I stepped out of the truck to unload my gear. It was COLD! What was I thinking wearing capri pants for a sunrise shoot? BRRRR! We climbed back in and waited for the blue light to come. Now I was worried. How long could I stay out in the frigid weather?
Then things slowly began to come into focus. The early light that comes before the sun peeks over the horizon had arrived. It was as if the starting gun went off. Everyone was quickly out of the cars and moving in different directions. I grabbed my gear and walked out beyond the first dune. I left the world behind as I forged on alone. The footprints in the sand from the previous day had been wiped away by the overnight winds and the new canvas was just asking to be painted by the morning light.
For a brief moment I tensed up and wondered, “Are there snakes?” Then I thought about how cool it was and decided that if there were, they wouldn’t be out yet, so I relaxed and moved on.
Planning my route carefully, I walked in areas that wouldn’t show up in the pictures that were forming in my head. I sat down in the sand as I positioned my tripod. I was surprised by how soft and fine the sand was. I scooped a handful and let it run through my fingers. It was quiet and peaceful. I took a deep breath, letting it out slowly as I looked around at the incredible scenery of sand, grasses and yuccas. There was no sound, but a light breeze ruffled my hair. Saying a quick “thank you” out loud, I started trying to capture on my camera, the beauty I was seeing with my own eyes.
The cold didn’t exist as I quickly worked, moving to seek different perspectives. I would stop every few minutes to look around. In the past, I have been known to view my world through a camera lens and to miss the bigger picture.
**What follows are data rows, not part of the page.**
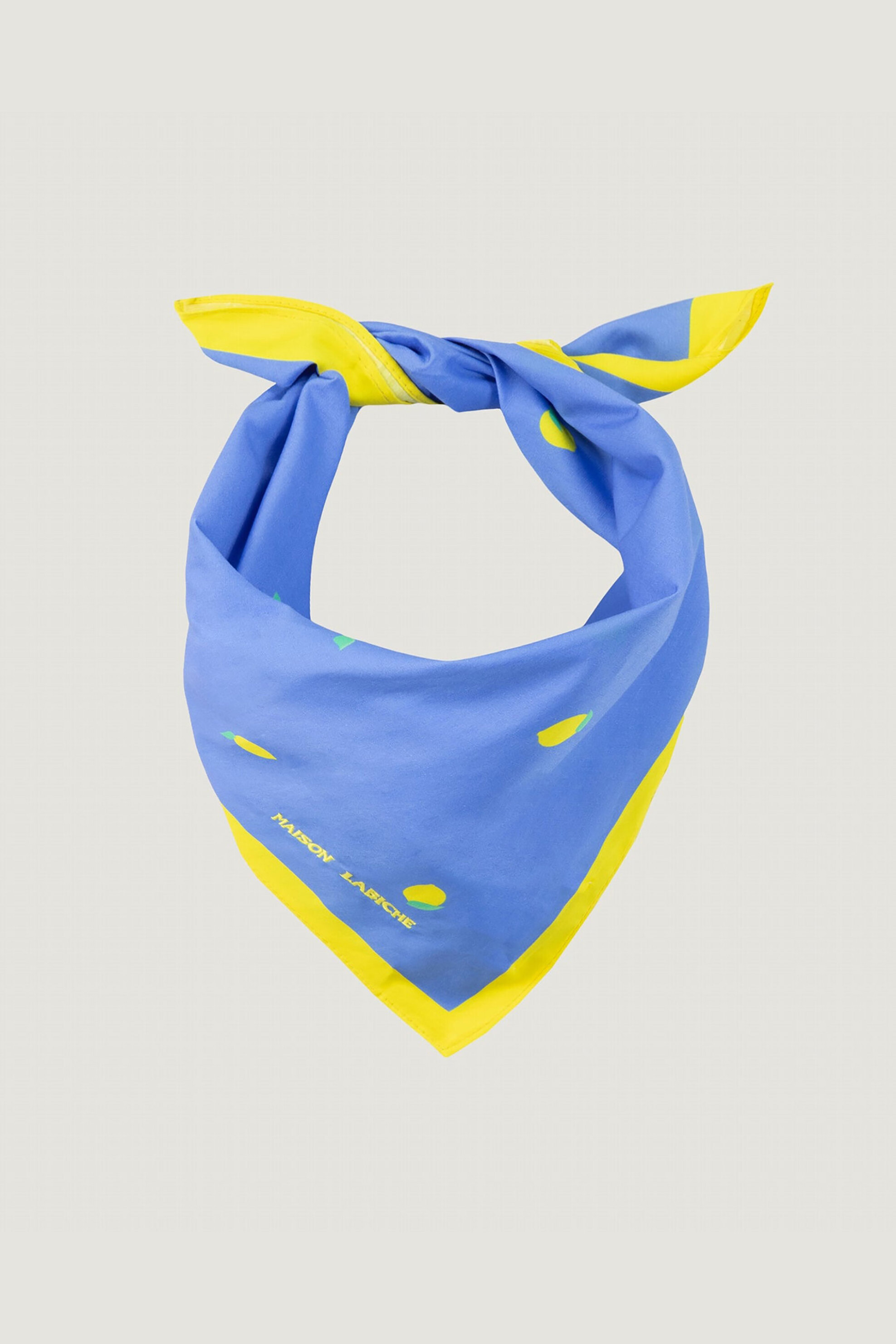 Maison Labiche γυναικείο φουλάρι με print "Lemons Lampué" - SALAMPUELEMON Μπλε φωτογραφία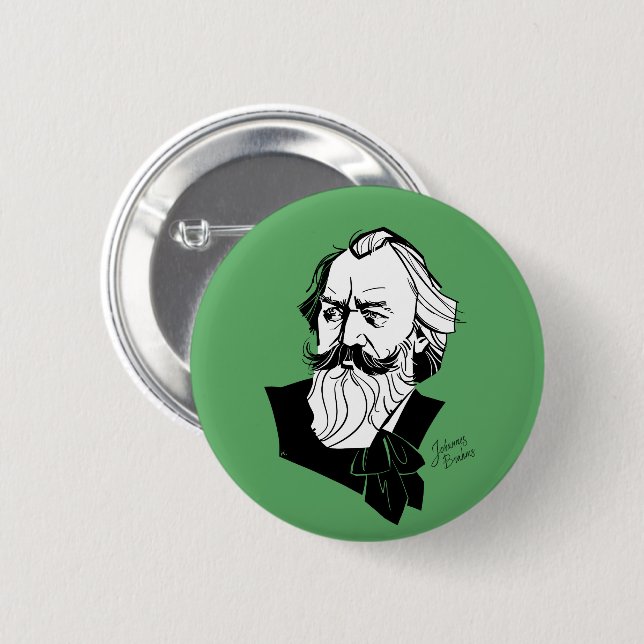 Johannes Brahms Button (Front & Back)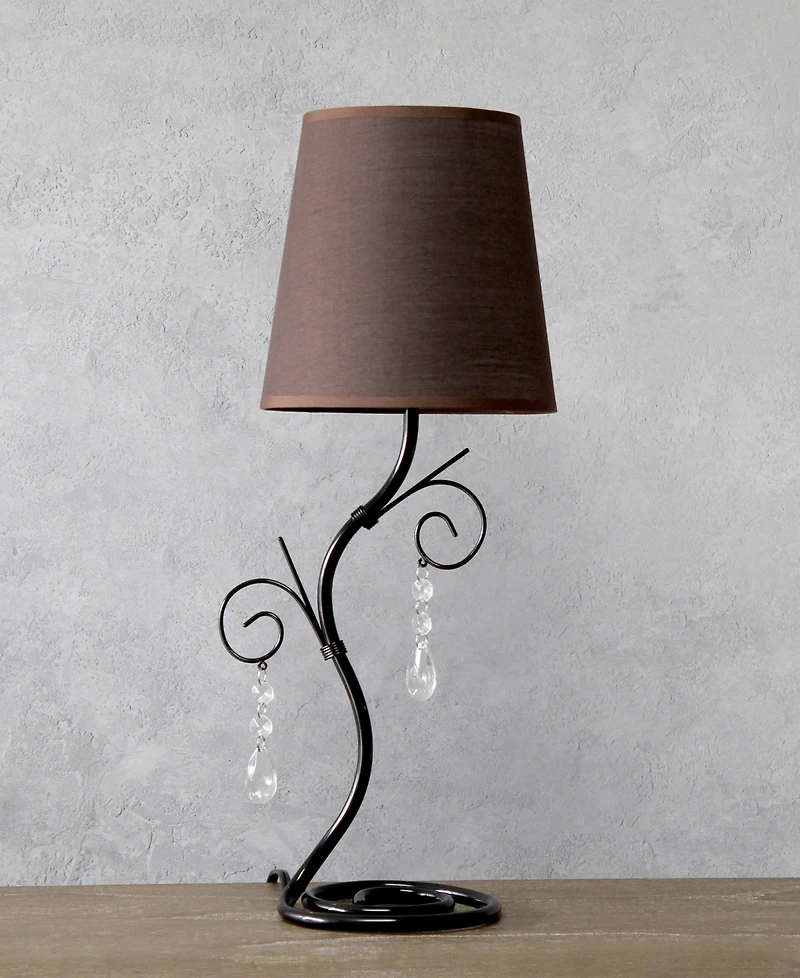 Creekwood Home Priva 19" Contemporary Metal Winding Ivy Table Desk Lamp with Brown Fabric Shade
Making it a priority on my travels, I now stop to see, listen and appreciate my surroundings. It’s not all about capturing the “shot” but being aware and experiencing special moments. There is always a second when I can’t believe I’m here and then a feeling of gratitude for the opportunities I have to visit amazing places.
Getting up to reposition my shot, I looked back and saw the imprint of the back of my jeans in the sand. It was so perfect that I’m sure if I looked closely, I would have seen the brand name on the impression left by the snaps on my back pockets. I wondered if visitors later in the day would notice the print of my backside. The thought made me laugh out loud.
Then the sun made it’s appearance, slowly climbing over the edge of the horizon casting long shadows across the waves of sand. Yucca plants creating shadows five times their length. After a few minutes I removed my camera from the tripod and composed more shots, clicking the shutter until my memory card was full, quickly changing it out so I could begin again.
Before I knew it, my friend Janet was calling my name and the trance I’d been in from the moment I’d stepped out of the truck was broken. Sunrise was over and the group was headed to another area of the park. I stretched, picked up my tripod and walked back to where the vehicles were parked, taking a few last pictures along the way.
Staying around for a few more hours, this time in more of a group, we wandered around with our cameras. The scenery was still spectacular and it was fun to be with my fellow photographers. We laughed and experimented with different shots, this time adding people into the landscapes.
Then, satisfied with a job well done, we climbed back into the vehicles and returned to town for breakfast. It was a magical morning on the white sands.